Но как полиция и суд определят норму «осквернение»? В светских терминах — если некто зальет напрестольное Евангелие какой-то гадостью, или в церковных — если некто приклеит скотчем на обложку портрет, скажем, Сталина? Если в светских, то точно ли нужна новая норма закона, да и отвечает ли она запросу его авторов? Если в церковных, то на каких основаниях и в рамках каких процедур можно использовать церковные понятия в правоприменении?
Каковы границы понятий «предметы религиозного почитания» и «богослужебная литература»? Это опять будут определять религиозные организации? Если, например, библиотека спишет в утиль некую не востребованную книгу, а она, оказывается, «богослужебная»?
Кстати, «мировоззренческая символика и атрибутика» — это ко всем мировоззрениям относится? Тут открывается совсем уж широкий простор для фантазии, так что обойдусь без подсказок и вопросительных знаков.
Предлагаемая норма просто откроет новые возможности для произвольного правоприменения, а заодно для экспансии религиозных понятий в нашу светскую правовую систему. Если о пользе или вреде такой экспансии можно еще как-то дискутировать, то произвол-то уж ничем не оправдаешь. В том числе благими намерениями законодателей.
Что же делать с законопроектом? Ведь не отклонять же во втором чтении: это невозможно. У меня есть предложение — сократить. Потому что в законопроекте есть вполне разумная норма — это добавленная последняя часть в ст. 148.
Сейчас ст. 148 — это статья, криминализующая то, что и следует: незаконное вмешательство в деятельность религиозных организаций, в том числе в богослужение. Законопроект предлагает наказывать за эти действия более сурово, если они совершены «лицом с использованием своего служебного положения» или «с применением насилия или с угрозой его применения». Вот эту добавку и надо оставить.

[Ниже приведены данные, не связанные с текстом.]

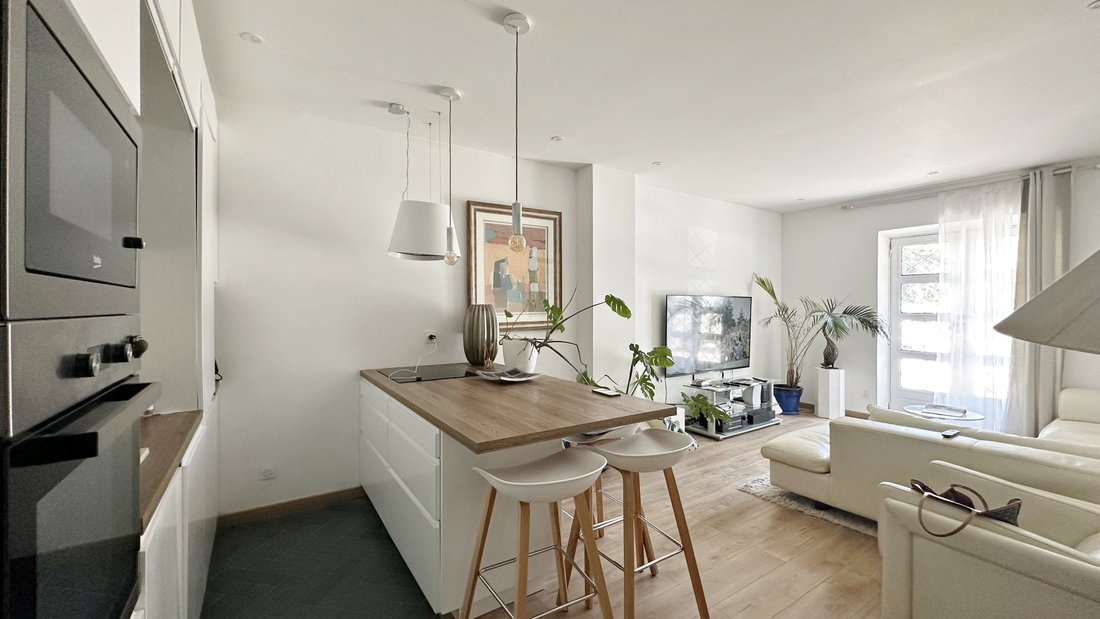 Apartment in Soorts-Hossegor, Nouvelle-Aquitaine, France 4 - 18495297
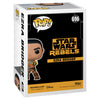 Funko POP! Ezra Bridger Star Wars Rebels #696 [Toy Temple Exclusive]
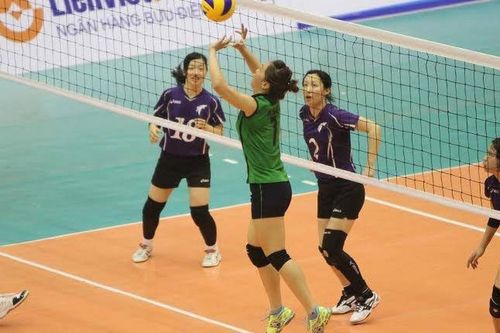 Người hùng giúp bóng chuyền nữ Việt Nam tạo địa chấn trước Nhật Bản bất ngờ giải nghệ ở tuổi 24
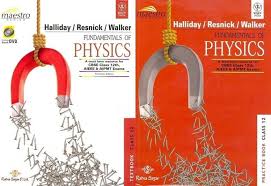 Fundamentals of Physics for Class 12 - A Must-Have Resource Book CBSE JEE and NEET-UG Syllabi for Class - 12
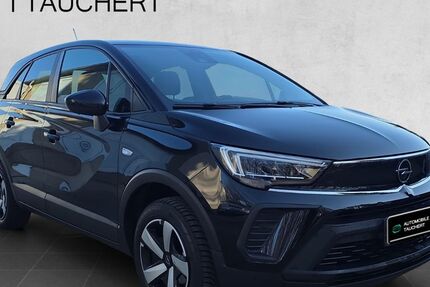 Opel Crossland (X) 37.000 km 12.490 &euro; Hainichen 09661
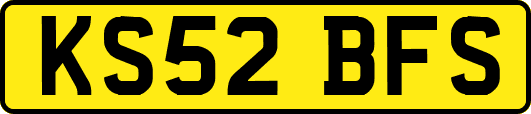 KS52BFS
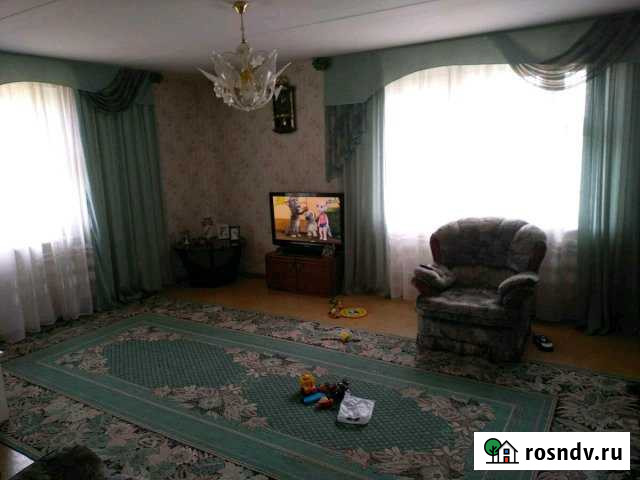 5-комнатная квартира, 129.2 м², 6/7 эт. на продажу в Йошкар-Оле Йошкар-Ола - изображение 1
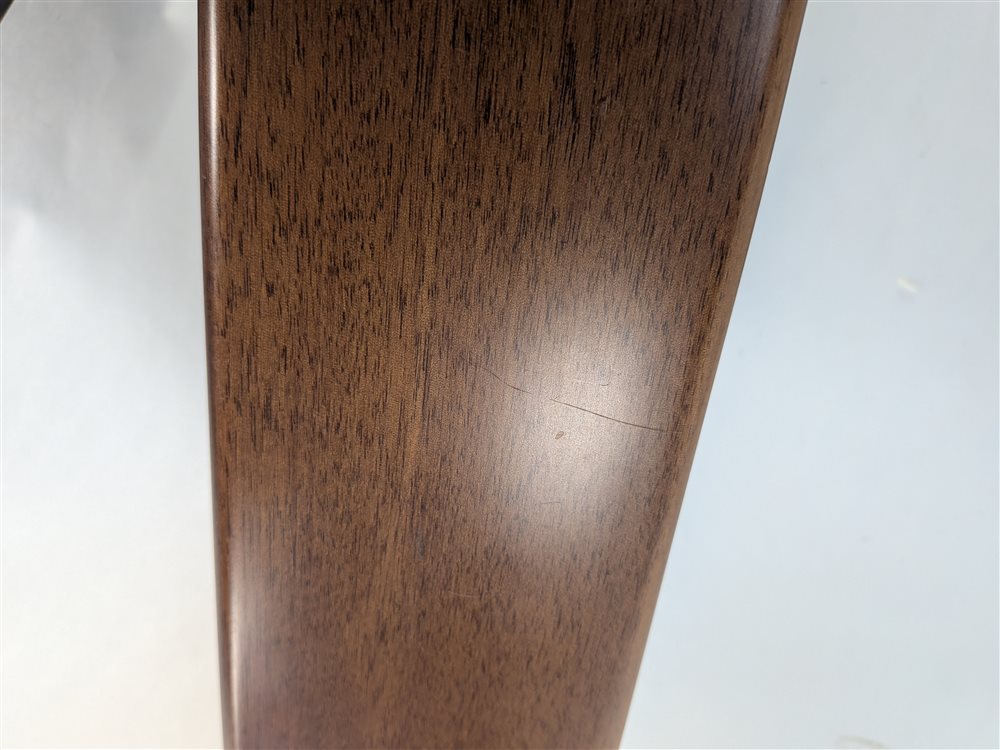 Thumbnail 12: 15 LR4 L319 INTERIOR DOOR DASH CENTER CONSOLE TRIM SET (Black Walnut Wood)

Остается, конечно, вопрос, не уходит ли при нынешнем законодательстве от ответственности кто-то, кого следовало бы наказать за общественно опасные действия, касающиеся религии. Ну, например, какой-нибудь российский последователь пастора Джонса… Ответ, в общем-то, такой: кто-то непременно уходит от наказания, потому что криминальные ограничения свободы выражения, которые существуют повсеместно в Европе, так устроены, что действуют избирательно. Но идея залатывать каждую такую прореху путем поспешного принятия новых законов — порочная, что и видно на примере этого законопроекта. Действовать в таких случаях надо было бы гораздо осторожнее, даже если б правоприменительная практика была не столь удручающей. По крайней мере, начавшуюся дискуссию об изменениях в этой части уголовного и административного права, саму по себе ценную и интересную, лучше было бы продолжить в более спокойной атмосфере, без угрозы поспешного принятия плохого законопроекта.